Non accetto empatia per il solo fatto di essere riconoscibile ai vostri cerimoniali.

Questo affermava in quel giorno così unico, in un tempo che pareva sospeso solo per lei. Ferita da esortazioni del tipo “Deve imparare a rispettare le prescrizioni del senso comune” mal sopportava le troppe parole che, come inarrestabili ore canoniche, si ergevano a mo’ di ottuse cancellate. E poi in fondo qual è la meta? Appena dopo il campo 305, l’area definita genericamente “confine nord”.
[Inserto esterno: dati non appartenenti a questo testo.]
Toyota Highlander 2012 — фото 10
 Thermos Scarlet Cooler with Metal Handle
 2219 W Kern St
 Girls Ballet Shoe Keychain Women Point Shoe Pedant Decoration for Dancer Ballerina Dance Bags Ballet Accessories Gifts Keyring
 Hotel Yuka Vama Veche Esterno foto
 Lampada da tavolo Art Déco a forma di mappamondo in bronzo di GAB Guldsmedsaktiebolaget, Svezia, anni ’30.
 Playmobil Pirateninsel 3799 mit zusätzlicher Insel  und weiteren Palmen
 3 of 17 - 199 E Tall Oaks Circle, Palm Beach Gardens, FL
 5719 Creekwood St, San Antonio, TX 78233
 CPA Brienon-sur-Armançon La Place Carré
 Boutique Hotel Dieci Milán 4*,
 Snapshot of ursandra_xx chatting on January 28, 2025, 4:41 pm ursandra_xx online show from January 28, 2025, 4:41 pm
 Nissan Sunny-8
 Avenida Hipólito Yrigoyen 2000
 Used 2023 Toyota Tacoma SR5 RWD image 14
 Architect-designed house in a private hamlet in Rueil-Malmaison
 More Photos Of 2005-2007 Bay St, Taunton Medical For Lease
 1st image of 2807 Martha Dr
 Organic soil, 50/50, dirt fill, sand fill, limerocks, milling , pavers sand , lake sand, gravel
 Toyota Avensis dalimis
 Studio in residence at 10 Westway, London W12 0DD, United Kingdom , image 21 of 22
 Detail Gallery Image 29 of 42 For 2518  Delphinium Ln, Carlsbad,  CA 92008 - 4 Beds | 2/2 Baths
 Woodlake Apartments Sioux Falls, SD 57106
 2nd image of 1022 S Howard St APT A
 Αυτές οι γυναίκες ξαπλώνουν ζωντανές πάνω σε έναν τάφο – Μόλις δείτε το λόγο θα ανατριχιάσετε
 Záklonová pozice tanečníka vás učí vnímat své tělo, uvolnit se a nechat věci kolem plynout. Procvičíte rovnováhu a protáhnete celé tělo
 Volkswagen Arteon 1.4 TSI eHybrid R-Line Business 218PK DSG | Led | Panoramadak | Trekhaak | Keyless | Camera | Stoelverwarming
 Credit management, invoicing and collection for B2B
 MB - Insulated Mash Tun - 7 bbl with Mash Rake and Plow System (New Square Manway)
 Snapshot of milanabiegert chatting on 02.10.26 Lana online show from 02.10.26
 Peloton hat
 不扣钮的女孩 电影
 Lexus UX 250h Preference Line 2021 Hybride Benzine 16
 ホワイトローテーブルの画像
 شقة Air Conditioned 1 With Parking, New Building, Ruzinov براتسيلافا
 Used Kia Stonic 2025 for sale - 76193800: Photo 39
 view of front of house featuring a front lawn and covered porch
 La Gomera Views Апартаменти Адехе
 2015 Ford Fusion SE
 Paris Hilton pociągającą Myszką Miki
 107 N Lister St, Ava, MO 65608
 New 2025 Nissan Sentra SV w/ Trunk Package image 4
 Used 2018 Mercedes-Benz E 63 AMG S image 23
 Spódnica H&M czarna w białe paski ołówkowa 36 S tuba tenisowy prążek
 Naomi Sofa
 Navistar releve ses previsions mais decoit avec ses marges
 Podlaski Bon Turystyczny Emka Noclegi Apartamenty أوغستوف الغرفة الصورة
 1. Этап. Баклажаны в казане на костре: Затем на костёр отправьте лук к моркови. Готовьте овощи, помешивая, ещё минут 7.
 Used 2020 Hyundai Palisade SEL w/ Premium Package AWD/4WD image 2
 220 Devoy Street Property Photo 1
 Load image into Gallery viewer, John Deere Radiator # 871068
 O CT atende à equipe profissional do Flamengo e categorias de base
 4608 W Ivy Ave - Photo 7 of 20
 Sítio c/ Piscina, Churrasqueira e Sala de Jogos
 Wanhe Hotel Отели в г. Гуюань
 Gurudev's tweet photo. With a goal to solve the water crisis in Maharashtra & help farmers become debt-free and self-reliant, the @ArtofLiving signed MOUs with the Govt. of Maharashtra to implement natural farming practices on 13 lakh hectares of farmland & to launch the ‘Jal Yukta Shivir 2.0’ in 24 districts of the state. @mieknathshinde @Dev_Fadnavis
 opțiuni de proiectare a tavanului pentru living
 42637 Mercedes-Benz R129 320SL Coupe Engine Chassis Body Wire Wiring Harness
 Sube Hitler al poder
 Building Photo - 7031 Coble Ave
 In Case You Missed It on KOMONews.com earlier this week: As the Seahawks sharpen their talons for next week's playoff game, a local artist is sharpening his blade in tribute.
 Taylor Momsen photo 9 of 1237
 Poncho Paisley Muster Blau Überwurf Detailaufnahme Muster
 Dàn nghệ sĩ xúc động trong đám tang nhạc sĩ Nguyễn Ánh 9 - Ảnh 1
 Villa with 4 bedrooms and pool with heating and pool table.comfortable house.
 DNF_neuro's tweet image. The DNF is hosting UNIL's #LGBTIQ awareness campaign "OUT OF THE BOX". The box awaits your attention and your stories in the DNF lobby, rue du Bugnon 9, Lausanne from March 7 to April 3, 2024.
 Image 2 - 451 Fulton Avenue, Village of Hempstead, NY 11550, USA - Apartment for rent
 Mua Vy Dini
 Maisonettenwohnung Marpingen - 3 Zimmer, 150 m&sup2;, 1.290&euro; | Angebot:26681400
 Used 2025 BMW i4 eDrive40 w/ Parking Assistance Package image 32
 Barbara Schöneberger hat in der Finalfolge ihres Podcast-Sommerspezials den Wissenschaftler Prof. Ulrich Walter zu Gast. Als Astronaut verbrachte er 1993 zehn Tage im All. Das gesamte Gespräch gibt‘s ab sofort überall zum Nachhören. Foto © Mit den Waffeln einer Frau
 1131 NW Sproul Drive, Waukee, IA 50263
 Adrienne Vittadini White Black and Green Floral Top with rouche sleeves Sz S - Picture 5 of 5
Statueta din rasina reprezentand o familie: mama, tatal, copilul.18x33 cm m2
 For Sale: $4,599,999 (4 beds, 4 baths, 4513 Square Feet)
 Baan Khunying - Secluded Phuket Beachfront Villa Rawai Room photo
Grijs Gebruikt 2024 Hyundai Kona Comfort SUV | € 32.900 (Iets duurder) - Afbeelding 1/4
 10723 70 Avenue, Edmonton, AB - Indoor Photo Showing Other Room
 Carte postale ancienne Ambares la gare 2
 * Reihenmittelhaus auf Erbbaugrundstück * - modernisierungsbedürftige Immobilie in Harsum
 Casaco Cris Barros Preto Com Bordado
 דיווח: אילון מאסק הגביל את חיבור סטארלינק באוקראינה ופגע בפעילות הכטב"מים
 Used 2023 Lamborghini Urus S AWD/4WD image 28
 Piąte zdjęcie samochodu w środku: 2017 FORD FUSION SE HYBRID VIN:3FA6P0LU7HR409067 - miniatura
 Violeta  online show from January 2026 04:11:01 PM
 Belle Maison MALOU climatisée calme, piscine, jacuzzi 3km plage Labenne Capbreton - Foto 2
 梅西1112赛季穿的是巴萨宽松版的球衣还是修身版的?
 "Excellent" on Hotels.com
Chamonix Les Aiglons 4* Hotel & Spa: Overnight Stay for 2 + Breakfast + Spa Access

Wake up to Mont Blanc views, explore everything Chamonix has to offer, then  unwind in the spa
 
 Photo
Le piccole croci, incerte e traballanti come piccole spade di latta alla fine di un gioco, sono conficcate nella terra secca e polverosa. Per quei piccoli caduti, molti dei quali senza nome, sono stati apposti alla ben meglio come piccoli custodi di peluche. Nella solitudine, abbrutiti dalle intemperie, sono mutati in coatti sigilli, marchi d’infamia di un mondo estraneo. Piccoli caduti senza onore, piccole ombre sfuggite alla grande storia che le aveva traditi. Solo l’incerta girandola, viva nel vento, sussurra quei nomi vorticando senza scopo. E roteando a comando indispone quel senso comune al quale non si adegua diversamente dalla narrazione della vita.

  • Piccola anima smarrita e soave,
    Compagna e ospite del corpo,
    ora t’appresti a ascendere in luoghi
    incolori, ardui e spogli,
    ove non avrai più gli svaghi consueti.